A WA gold operation folded its remote-site freight bill with a tall ISO bulk container

A Western Australian Goldfields gold operation supplying a remote processing site.

Folding Solid ISO Bulk Container (IBC) in use — A Western Australian Goldfields gold operation supplying a remote processing site

Empty boxes coming back at full height

A gold operation in the Western Australian Goldfields ran a constant supply line of reagents, grinding media and dense consumables out to a processing site several hundred kilometres up the highway. For years the freight moved in rigid timber crates and solid plastic boxes that did one job well on the way out and then became dead weight on the way back. Empties returned at full height, so a return trailer that could in theory have carried saleable backloads instead carried air boxed inside rigid walls. On long Goldfields hauls, where every return-leg kilometre is paid for whether the box is full or empty, that wasted cube was a recurring, measurable cost. The site team also disliked how timber crating coped with the conditions — red dust, heat and rough handling at a remote laydown were slowly destroying it.

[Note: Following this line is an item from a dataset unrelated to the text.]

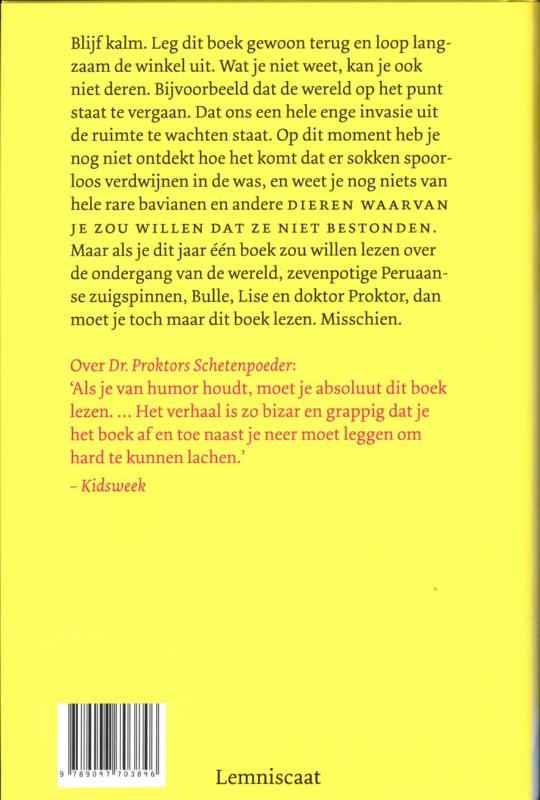 Achterkant van Dr. Proktor redt de wereld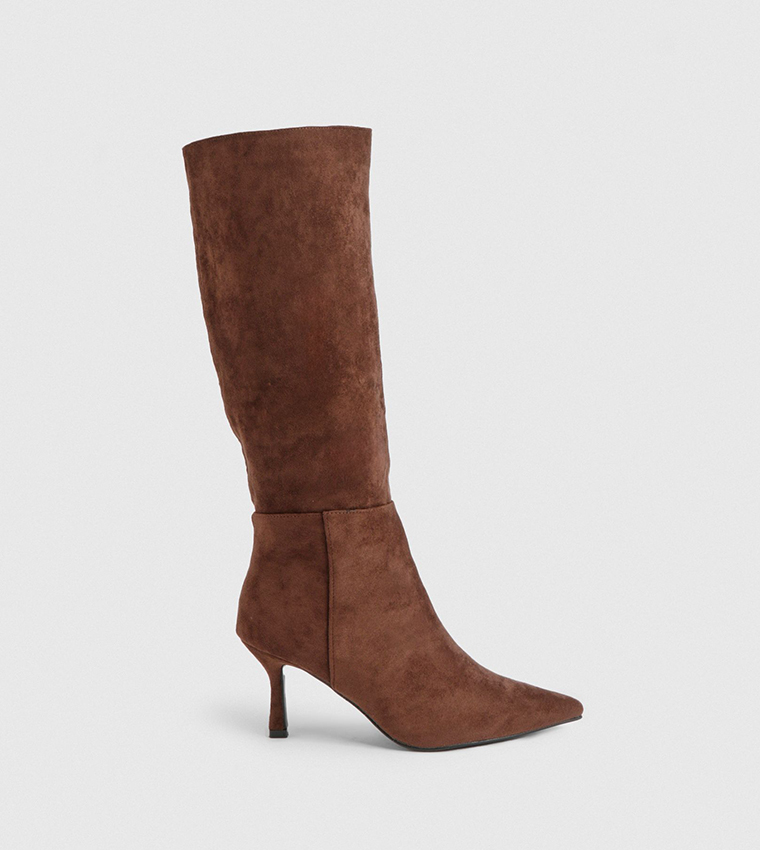 Faux Suede Pointed Toe Knee High Boots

Why the 905L folding solid ISO container

The operation standardised on the Folding Solid ISO Bulk Container (BPB-C1210S97). On the 1200x1000 mm ISO footprint it matched the pallet system already in use at both the warehouse and the site, so it dropped into existing racking and onto existing trailers without rework. Three specs did the heavy lifting. First, capacity: at 905 L of usable volume on a tall 978 mm body, one container consolidated a serious amount of consumable per move. Second, strength: a 7000 kg static rating meant the boxes could be stacked deep in store under dense, point-loaded freight without complaint, and an 850 kg dynamic rating let a forklift lift a loaded unit cleanly. Third, and the whole point of the exercise, the container folds to just 465 mm. A collapsed unit is less than half the height of an erected one, so empties stack roughly three-to-one for the run home. The solid HDPE shell also shrugged off the dust and heat that had been chewing through timber.

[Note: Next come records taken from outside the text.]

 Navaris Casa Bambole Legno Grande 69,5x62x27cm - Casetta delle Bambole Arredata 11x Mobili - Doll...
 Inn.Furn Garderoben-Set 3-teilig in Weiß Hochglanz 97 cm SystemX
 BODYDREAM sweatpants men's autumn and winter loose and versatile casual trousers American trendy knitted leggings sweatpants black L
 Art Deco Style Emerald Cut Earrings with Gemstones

Rollout on the supply line

The changeover was run as a closed loop rather than a one-way ship. Containers were filled at the warehouse, railed and trucked to site erected, emptied into the plant, then folded flat by the site crew and palletised for the next backload. Because the box collapses without tools and re-erects in seconds, the extra step added almost nothing to handling time at either end. The crews quickly settled into the rhythm of folding empties as they cleared them, and the laydown stopped accumulating the broken timber it used to.

The estimated result

The dominant saving is on the empty return leg. With collapsed units stacking around three-to-one against erected boxes, we estimate the fold removed on the order of 65% of the empty-return freight on this lane — the single biggest line item the project set out to attack. Consolidating consumables into fewer, taller 905 L containers is also estimated to have trimmed the number of outbound moves needed to shift a given tonnage, compounding the saving on both legs. Over the asset's life the HDPE shell is expected to far outlast the timber crating it replaced in a hot, dusty, high-handling environment, converting a recurring crate-replacement cost into a one-off reusable-fleet purchase. As always these are planning estimates rather than a guaranteed outcome: the realised saving depends on haul distance, how reliably empties are folded and returned, and the backload opportunities freed up on the return trailer. For a remote Goldfields operation, though, the logic is hard to argue with — you are no longer paying line-haul rates to truck empty air back across the state.